You may be able to find part-time or summer employment in a large store or other retail establishment, which will provide helpful insight into a merchandising career. After graduating from high school, an internship with an international company will give you valuable exposure to the export-import field. Discussions with professionals already working in the field are an excellent way to learn about career opportunities. Freight forwarders are among the best sources of information and assistance on U.S. export regulations and documentation, shipping methods, and foreign import regulations. In addition, to familiarize yourself with the field, pay attention to news reports on the U.S. trade balance, trade policies, and export and import levels of major goods, such as automobiles.

EMPLOYERS

The largest employers of export and import specialists are oil companies, manufacturers, trading companies, shipping firms, worldwide freight forwarders, airlines, warehouse firms, trucking firms, banks, agricultural-product producers, and department store chains. Major trade cities are New York, Miami, Boston, New Orleans, Chicago, Houston, Philadelphia, Seattle, Tacoma, San Francisco, Oakland, and Los Angeles.

STARTING OUT

The vast majority of entry-level positions are now reserved for college graduates, most of whom secure their first position by applying directly to the U.S. Customs & Border Protection, individual seaports and airports, international trading companies, and other organizations that hire export-import specialists. Public and private employment services may also refer qualified applicants to suitable entry positions. People with a master’s in business administration and a fluency in one or more foreign languages will have the best opportunities in this field.

ADVANCEMENT

Those in the export-import field usually have constant contact with other international firms and government agencies and therefore have frequent opportunities to switch employers. Specific advancement opportunities depend to some extent on the specialty within the field and vary greatly depending on the skill and drive of the individual.
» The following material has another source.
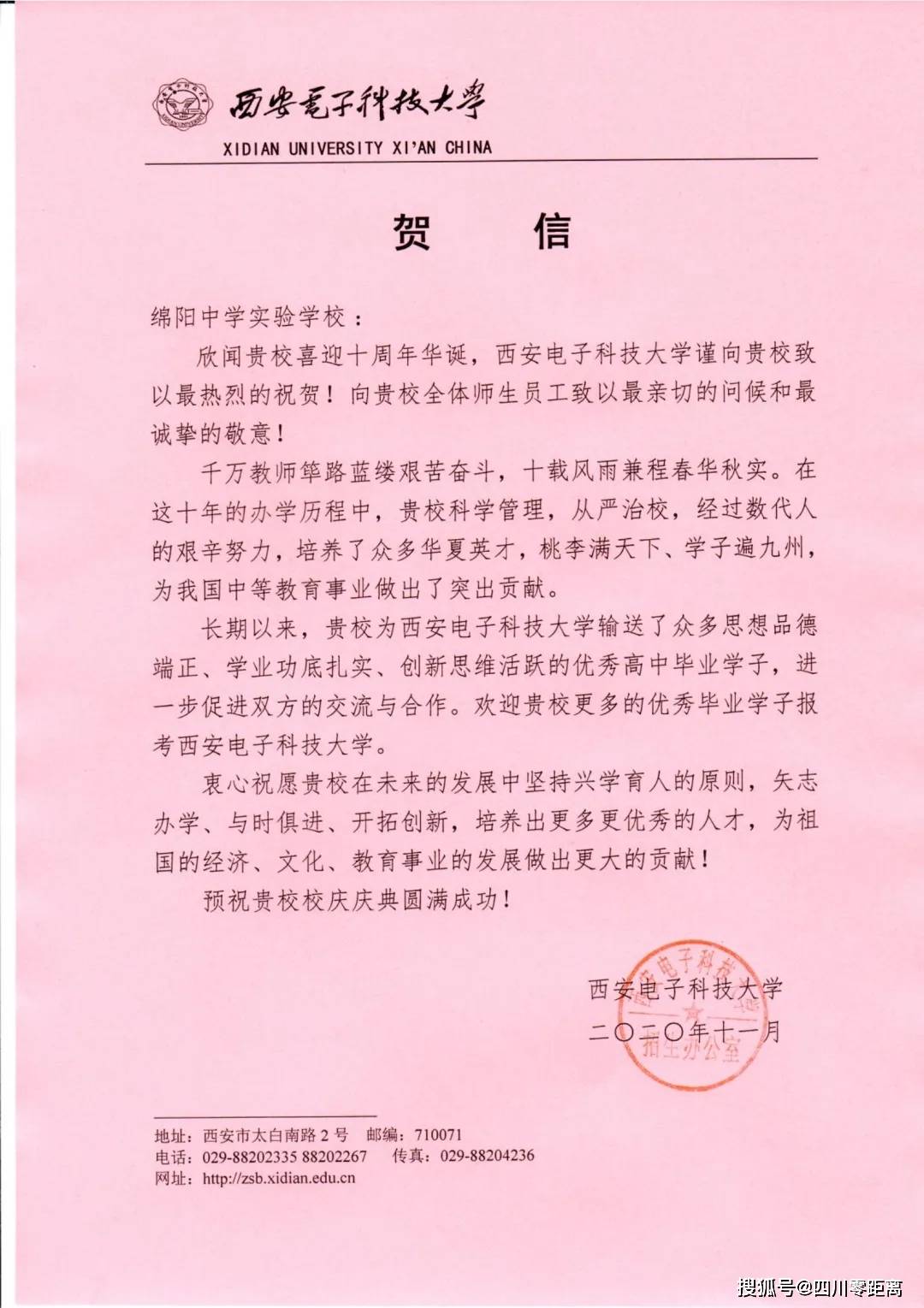 深圳|五洲齐鸣，八方来贺丨全国上百所知名高校为绵中实验发来十周年校庆贺信！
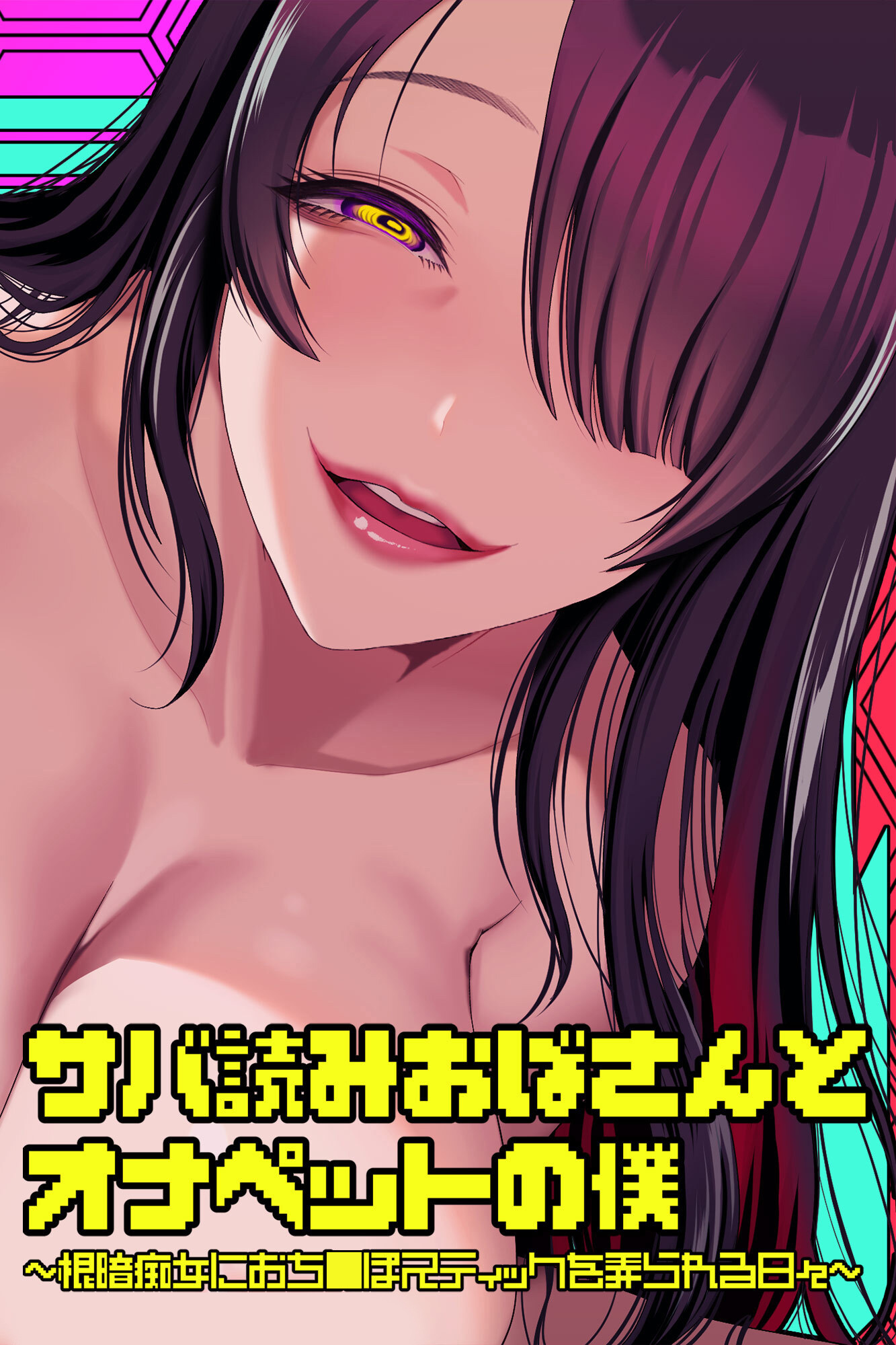 サバ読みおばさんとオナペットの僕～根暗痴女におち○ぽスティックを弄られる日々～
An experienced export manager may become the marketing manager or vice president in charge of coordinating overseas distribution. Customs brokers may become export managers or maybe promoted to other positions within the export-import department of a company. After developing contacts and sales expertise, wholesalers may also become management consultants or start their own export-import firm. Import-export agents may become sales representatives for other export-import firms or go into business for themselves.

EARNINGS

Earnings vary widely depending on specific job responsibilities and the size of the export-import firm. According to the U.S. Department of Labor, median annual earnings of sales representatives, wholesale and manufacturing for technical and scientific products, were $60,760, including commission, in 2005. Salaries ranged from less than $31,510 for the lowest paid 10 percent to more than $115,430 for a year for the highest paid 10 percent. Median annual earnings of sales representatives, wholesale and manufacturing for nontechnical products was $47,380, with the lowest paid 10 percent earning less than $24,930, and the highest paid 10 percent earning over $96,050 a year. Some companies adjust salaries to reflect total volume of sales. Other companies pay straight commission (usually about 10 percent of total sales), while others pay a combination of salary, commission, and benefits. While wholesalers can make huge amounts of money, a slow period could adversely affect their earning potential. Buyers, the professionals who seek the best deal on raw materials and finished products for their employers, earned a median income of $42,870 in 2005, according to the U.S. Department of Labor. Salaries ranged from less than $24,900 for the lowest paid 10 percent to more than $80,330 a year for the highest paid 10 percent.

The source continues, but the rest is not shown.